Dossier: 96-4802-GST-I

ENTRE :

ASHTON RUTHERFORD HEVENOR,

appelant,

et

SA MAJESTÉ LA REINE,

intimée.

Appel entendu le 16 novembre 1998 à London (Ontario) par l’honorable juge Gerald J. Rip

Motifs du jugement

Le juge Rip, C.C.I.

[1] M. Ashton Rutherford Hevenor, l'appelant, interjette appel d'une cotisation établie par le ministre du Revenu national (le “ ministre ”) conformément à l'article 323 de la Loi sur la taxe d'accise (la “ Loi ”) pour le motif que l'appelant était un administrateur de la 980250 Ontario Inc. (“ Ontario ”) pendant toutes les périodes pertinentes où la société a omis de verser au receveur général du Canada, pour certaines périodes de déclaration, la taxe nette prévue à l'article 228 de la Loi.

[2] L'appel en l'instance soulève la question de savoir si l'on peut dire que, pour empêcher qu'une société dont il était l'unique administrateur omette de verser une taxe nette sous le régime de la partie IX de la Loi, le contribuable a agi avec autant de soin, de diligence et de compétence que ne l'aurait fait une personne raisonnablement prudente dans les mêmes circonstances alors qu'il avait peu d'instruction, qu'il était administrateur d'Ontario pour rendre service à son fils, qu'il ne prenait pas part à l'entreprise ou à l'activité commerciale exercée par Ontario, qu'il n'avait aucune expérience des affaires et qu'il ne comprenait pas les responsabilités d'un administrateur.
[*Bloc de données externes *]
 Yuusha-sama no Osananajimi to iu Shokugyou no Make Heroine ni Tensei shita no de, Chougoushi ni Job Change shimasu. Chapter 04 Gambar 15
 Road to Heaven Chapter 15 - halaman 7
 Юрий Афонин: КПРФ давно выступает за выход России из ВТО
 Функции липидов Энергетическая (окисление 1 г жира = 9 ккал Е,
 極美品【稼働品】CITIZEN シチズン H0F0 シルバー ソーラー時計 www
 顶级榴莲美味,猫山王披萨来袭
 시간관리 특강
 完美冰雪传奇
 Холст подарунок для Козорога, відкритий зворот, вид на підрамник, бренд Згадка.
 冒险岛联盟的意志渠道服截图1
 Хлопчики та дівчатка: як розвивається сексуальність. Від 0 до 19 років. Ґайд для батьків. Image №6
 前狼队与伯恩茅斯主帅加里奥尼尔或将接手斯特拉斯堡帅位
[3] À l'époque du procès, M. Hevenor était âgé de 64 ans. Il est né dans la ferme familiale à Springfield (Ontario), où il réside encore. Il se trouve être la troisième génération des Hevenor à vivre dans cette ferme de 74 acres. Il a fréquenté l'école publique rurale jusqu'à la dixième année inclusivement. Après l'école secondaire, il a aidé son père à la ferme, a travaillé comme mécanicien dans un garage puis est devenu soudeur et mécanicien-monteur, toujours en vivant à la ferme. Il s'est marié en 1958 et il a trois enfants. Malheureusement, au cours des dernières années, son état de santé s'est détérioré et il a dû prendre une retraite anticipée.

[4] M. Hevenor paraît être un homme honnête et travaillant. Il ne connaît rien de la comptabilité ni des pratiques commerciales et, jusqu'à récemment, il n'avait aucune idée de ce qu'est une société et de ce que sont les fonctions et les obligations des administrateurs de sociétés.

[5] Bradley Hevenor (“ Bradley ”) est le fils de l'appelant. Il est aujourd'hui âgé de 34 ans et il est apprenti soudeur et mécanicien-monteur depuis quatre ans. Il a une onzième année.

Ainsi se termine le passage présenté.